→ **Instructions for the task**
Please copy out the entries below exactly, beginning with the line that contains "Turquoise and Sand Flower Hoop Earrings" and ending with the line that contains "IPhone 16E Pu", and include nothing outside that span.

→ **Available records**

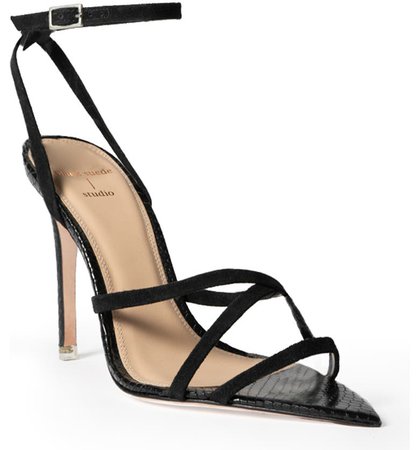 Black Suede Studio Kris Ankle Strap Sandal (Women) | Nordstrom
...
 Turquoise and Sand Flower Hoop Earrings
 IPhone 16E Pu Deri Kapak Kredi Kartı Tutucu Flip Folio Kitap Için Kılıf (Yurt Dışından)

→ **Answer section**
 Turquoise and Sand Flower Hoop Earrings
 IPhone 16E Pu Deri Kapak Kredi Kartı Tutucu Flip Folio Kitap Için Kılıf (Yurt Dışından)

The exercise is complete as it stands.